Yes, I realize my predecessors waited weeks and months for overseas letters, but I’m going to be in that boat soon enough when Josh goes to jail (except it’s a lake, and I presume even outbound prison mail doesn’t take months to be delivered). And my predecessors didn’t fork over money for a device advertising its ability to enhance communication. It’s one thing if I can’t see my boyfriend because he’s behind bars. It’s one thing if we can’t chat because he’s just so tired and I’d rather him have a nap and feel better. It’s another thing all together when our webcams don’t work or we randomly go offline. Yes, I know he’s still on the other side of that screen, and even if it was working he’s sleeping.

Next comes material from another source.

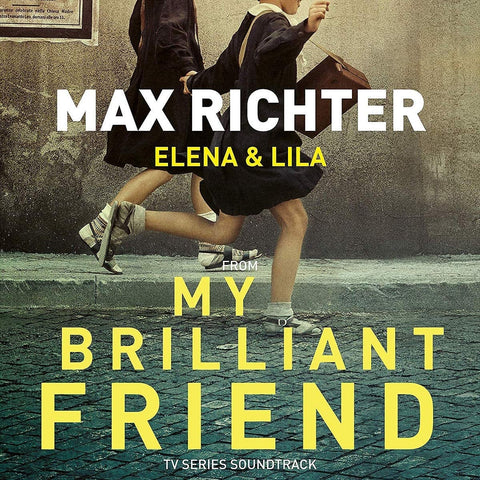OST: My Brilliant Friend - Max Richter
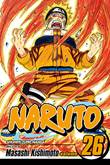 Naruto (Viz) 26 Volume 26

That’s not the point.

Maybe it’s my hyper driven corporate side, but if I’m paying for a computer, an internet connection, or a waffle iron for all I care, it should just fucking work. I gave you money and time, why do I have to deal with your incompetence?

Why can’t shit just fucking work? Ever?!? 

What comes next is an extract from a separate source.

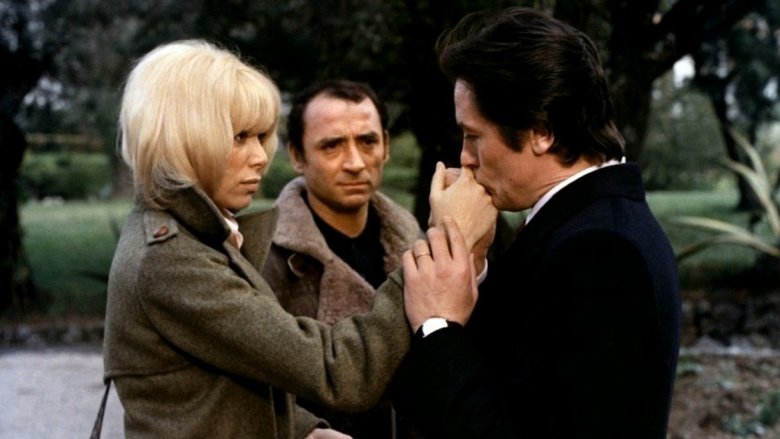 кадр из фильма Ледяная грудь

My dad’s reminder that the computer is in fact NOT a physical entity out to get me was surprisingly helpful. Because I honestly forget that sometimes; that plastic cup had to nerve to be in the way of my frustrated flinging hands. And Josh is the best thing in the world for my crazies. He’s like concentrated awesome and happy in a goatee, and he’s patient with me even when I’m a snarky bitch for no reason other than I’m mad at not being able to see him (which I *realize* makes no sense, welcome to being a chick). So overall I’m feeling better.

The internet is being shitty again tonight. But I’m nowhere near as pissed because I know eventually we’ll figure out a way to get it working, and eventually we won’t need it anyways. And Josh isn’t on the other side of the computer with his fingers crossed hoping for all the ones and zeroes to line up, he’s sleeping like he should be.

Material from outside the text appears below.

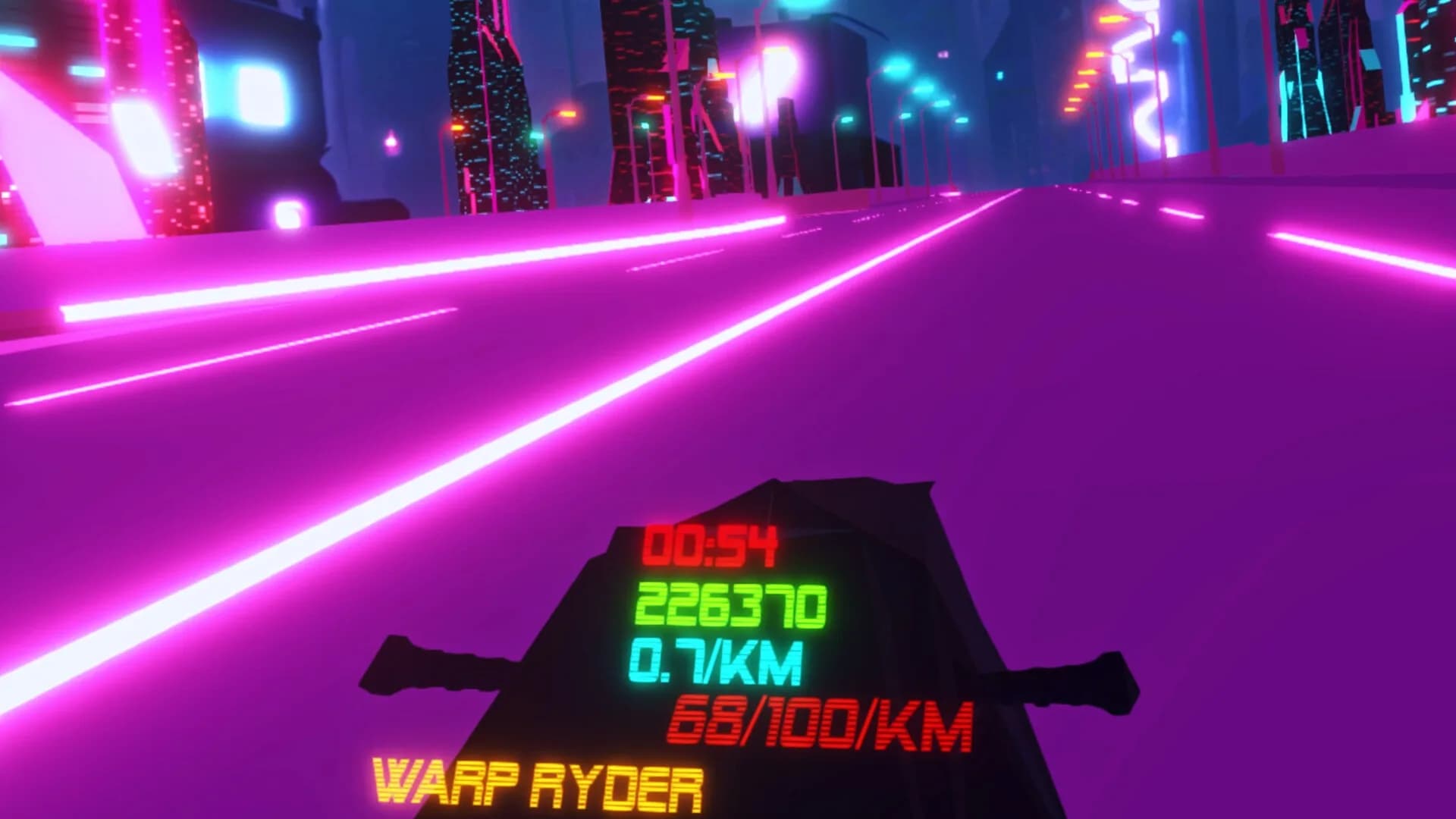 Pedal Rebel VR görsel 3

That and a few other things. Every now and then, no matter how frustrated or pissy I get, something lines up just right and I’m reminded that I’m still on the right path and all I need to do is be patient. Like the other night.  I was going to tell Josh about this, but I keep forgetting because we always get caught up talking about something else awesome and important. So instead I’ll let him stumble upon this story on his own and brighten his day a bit. He was listening to Brooks and Dunn last Friday night, a song all about hard working blue collar men like himself. We were in a great mood, even though he was packing up to go camping for the weekend and we wouldn’t be able to talk for a day or so. That’s a long time for us. We usually leave our webcams on overnight so we can chat first thing in the morning before he leaves for work at quarter to six, so having a blank computer screen as the late shows came on was a little disheartening. I turned on The Hour, my hip and urban “Jon-Stewart-Meets-60-Minutes” type interview show, and favourite bedtime background noise. That night’s guests? Brooks and Dunn.

In appropriate redneck fashion, I will quote Jeff Foxworthy: Heeeeeeeere’s your sign.